Stone row, Coomleagh, Co. Cork
Co. Cork |
Stone Monuments
On a rough shelf of pasture above the Melagh river valley in west Cork, three stones sit in a short north-east to south-west alignment, measuring just 2.6 metres from end to end.
What makes the arrangement quietly puzzling is not so much its modest scale as the sense that what survives is only a fraction of something larger. The north-eastern stone is the smallest, barely 0.4 metres high, and its top appears broken. The middle stone is the tallest at 1.5 metres. The south-western stone has fallen completely and now lies flat, stretching 4.25 metres along the ground, a dimension that sits uneasily with the idea of this being a simple standing stone row.
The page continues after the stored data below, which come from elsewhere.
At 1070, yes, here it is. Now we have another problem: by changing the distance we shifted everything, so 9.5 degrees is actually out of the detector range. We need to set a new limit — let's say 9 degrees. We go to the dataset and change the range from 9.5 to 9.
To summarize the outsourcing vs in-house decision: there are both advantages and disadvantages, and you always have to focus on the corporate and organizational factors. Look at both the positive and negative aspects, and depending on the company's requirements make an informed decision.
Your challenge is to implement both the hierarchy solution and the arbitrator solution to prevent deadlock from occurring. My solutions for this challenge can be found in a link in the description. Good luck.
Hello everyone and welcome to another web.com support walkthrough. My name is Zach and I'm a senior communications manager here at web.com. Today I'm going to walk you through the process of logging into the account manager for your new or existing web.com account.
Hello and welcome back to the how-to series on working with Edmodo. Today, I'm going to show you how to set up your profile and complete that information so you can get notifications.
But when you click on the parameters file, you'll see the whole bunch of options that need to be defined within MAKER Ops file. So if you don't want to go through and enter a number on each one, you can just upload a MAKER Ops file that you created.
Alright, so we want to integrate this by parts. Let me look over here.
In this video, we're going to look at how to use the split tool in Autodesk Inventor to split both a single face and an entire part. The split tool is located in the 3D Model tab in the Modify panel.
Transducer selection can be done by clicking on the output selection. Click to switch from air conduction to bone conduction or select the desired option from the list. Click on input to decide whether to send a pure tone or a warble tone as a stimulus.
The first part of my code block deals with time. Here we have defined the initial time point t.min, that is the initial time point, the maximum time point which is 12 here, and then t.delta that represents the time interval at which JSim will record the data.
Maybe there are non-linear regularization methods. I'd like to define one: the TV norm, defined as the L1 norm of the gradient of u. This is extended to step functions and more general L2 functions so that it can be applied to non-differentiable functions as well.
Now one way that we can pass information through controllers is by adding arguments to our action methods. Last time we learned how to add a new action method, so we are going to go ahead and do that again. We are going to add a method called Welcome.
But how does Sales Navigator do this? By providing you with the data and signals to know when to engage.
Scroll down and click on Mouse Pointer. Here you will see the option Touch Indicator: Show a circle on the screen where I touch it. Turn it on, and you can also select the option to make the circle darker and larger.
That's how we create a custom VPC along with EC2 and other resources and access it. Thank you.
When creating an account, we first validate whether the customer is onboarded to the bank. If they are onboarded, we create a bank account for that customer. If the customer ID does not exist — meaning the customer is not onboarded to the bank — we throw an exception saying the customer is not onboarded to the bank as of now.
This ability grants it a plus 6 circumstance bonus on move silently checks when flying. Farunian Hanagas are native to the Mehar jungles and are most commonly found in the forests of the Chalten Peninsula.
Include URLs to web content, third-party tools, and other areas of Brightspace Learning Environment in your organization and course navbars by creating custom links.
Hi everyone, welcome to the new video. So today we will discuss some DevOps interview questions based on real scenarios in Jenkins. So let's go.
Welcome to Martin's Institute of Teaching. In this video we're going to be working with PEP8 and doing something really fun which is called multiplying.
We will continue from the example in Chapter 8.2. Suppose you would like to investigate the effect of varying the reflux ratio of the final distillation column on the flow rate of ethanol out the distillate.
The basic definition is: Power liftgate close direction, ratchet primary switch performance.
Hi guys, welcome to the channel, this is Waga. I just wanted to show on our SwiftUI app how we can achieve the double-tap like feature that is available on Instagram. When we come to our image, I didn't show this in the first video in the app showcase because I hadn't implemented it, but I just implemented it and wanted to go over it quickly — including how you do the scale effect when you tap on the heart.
Local tradition, recorded by Myler in 1998, holds that this was once a large megalithic tomb, broken apart and its stones carried off for the construction of a house. The same tradition speaks of burial at the site, and of a ceallúrach or cillineach in a round hollow to the north-west. A cillineach, sometimes spelled cillín, is an informal or unconsecrated burial ground, often used historically for unbaptised infants or others excluded from churchyard burial, and it is said to have long fallen out of use. Whether the tomb interpretation is correct is impossible to say with confidence now, but the fallen south-western stone, at over four metres in length, does raise the question of whether something considerably more substantial once stood here before it was dismantled and redistributed into the walls of a building that itself has probably long since disappeared.